=== WHAT IS BEING ASKED ===
Pictures are to be left out, and only the lines below starting at the one with "Φορτωτής Με Λάστιχα CAT 2013 980K-thumb-1" and ending at the one with "Best Farm Gates" are to be reproduced, each exactly, both ends included.

=== INFORMATION GIVEN ===
--- START ---

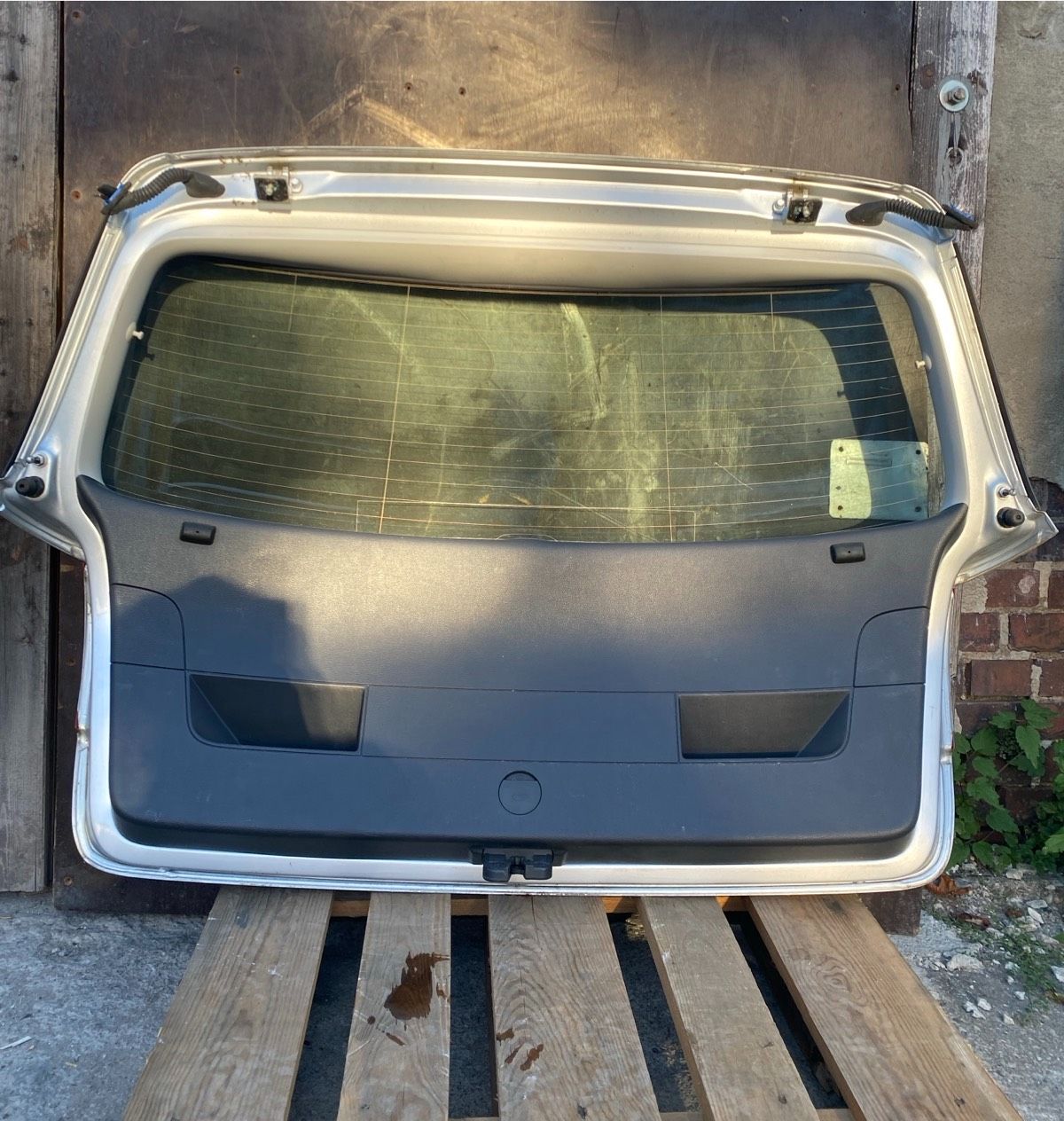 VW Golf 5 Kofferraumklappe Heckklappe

--- END ---
--- START ---

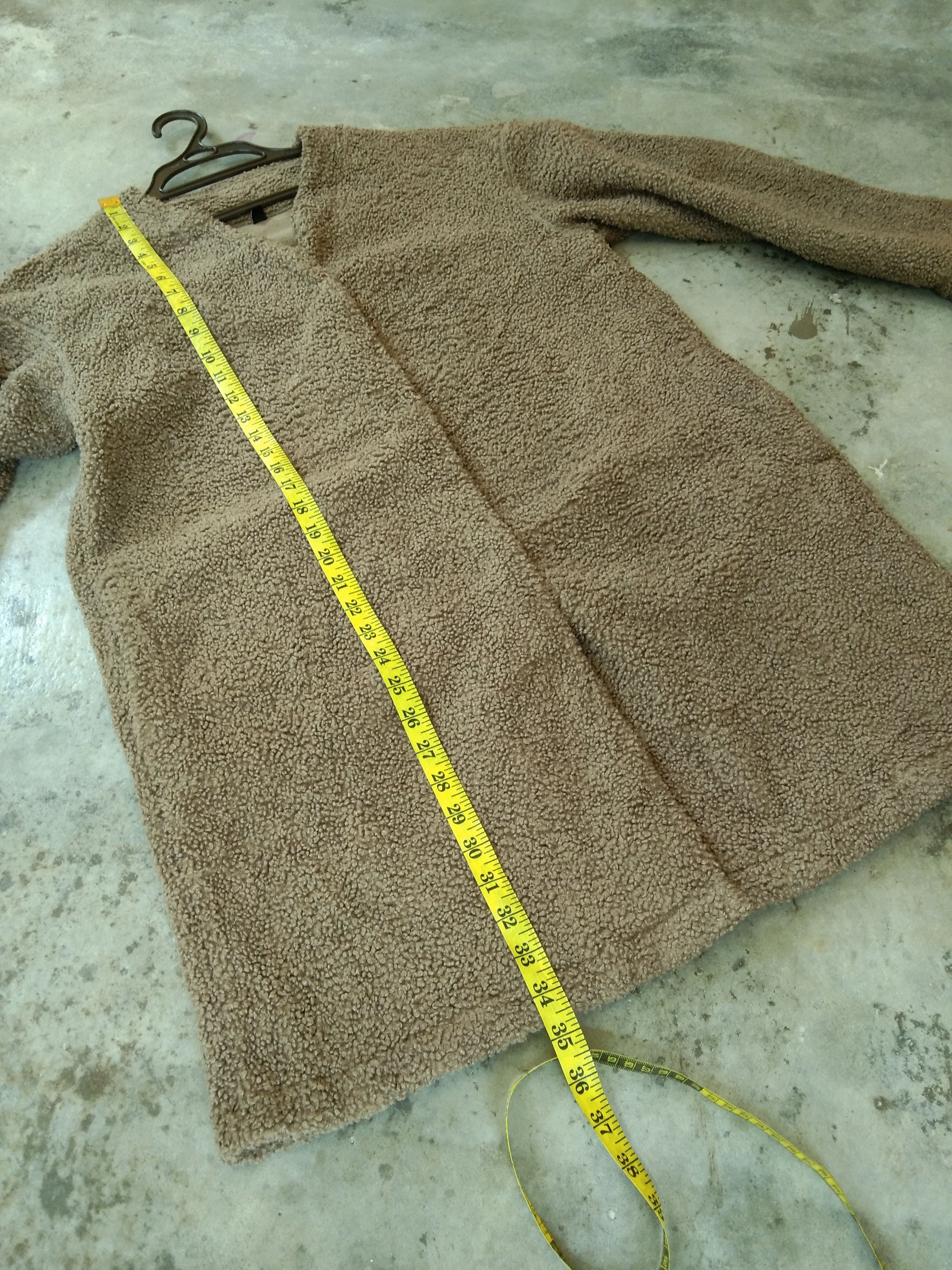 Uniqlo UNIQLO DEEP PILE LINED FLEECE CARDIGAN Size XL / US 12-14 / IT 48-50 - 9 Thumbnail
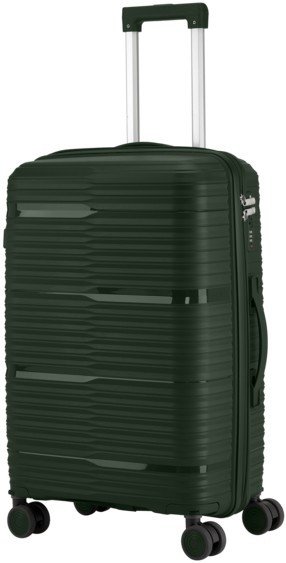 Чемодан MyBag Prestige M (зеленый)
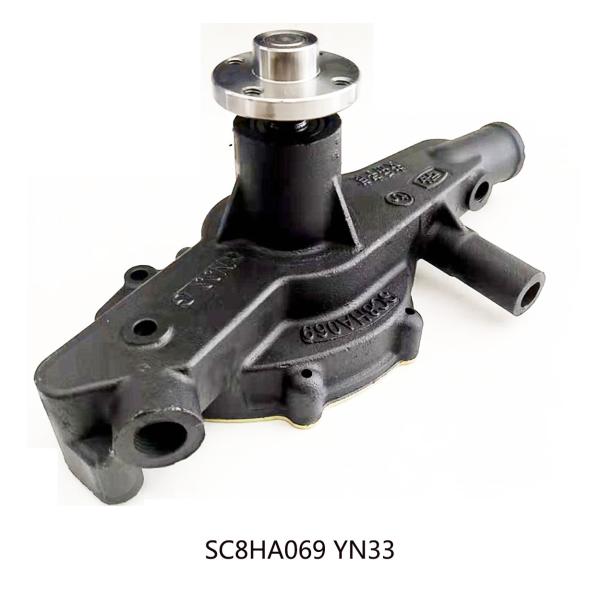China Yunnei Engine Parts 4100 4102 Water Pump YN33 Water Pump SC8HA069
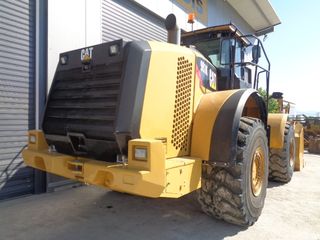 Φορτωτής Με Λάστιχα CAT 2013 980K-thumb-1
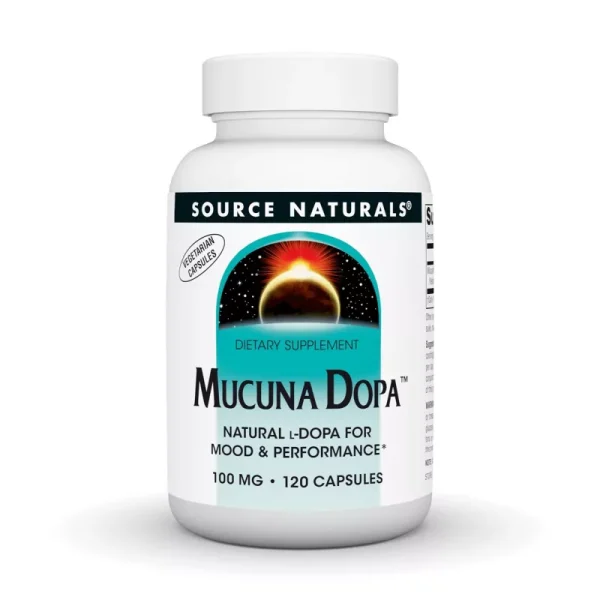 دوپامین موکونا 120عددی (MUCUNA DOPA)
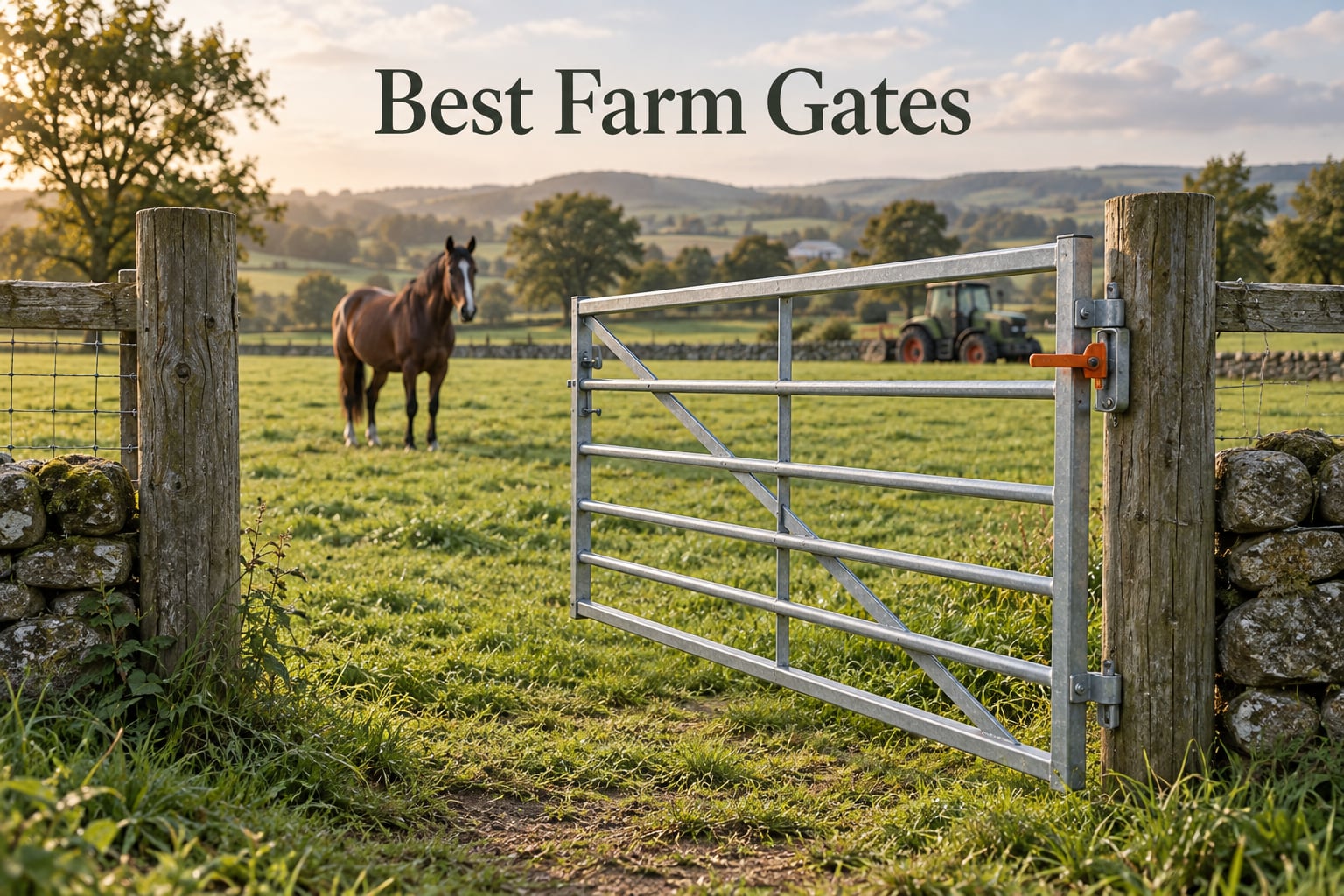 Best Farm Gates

--- END ---

=== WRITTEN SOLUTION ===
 Φορτωτής Με Λάστιχα CAT 2013 980K-thumb-1
 دوپامین موکونا 120عددی (MUCUNA DOPA)
 Best Farm Gates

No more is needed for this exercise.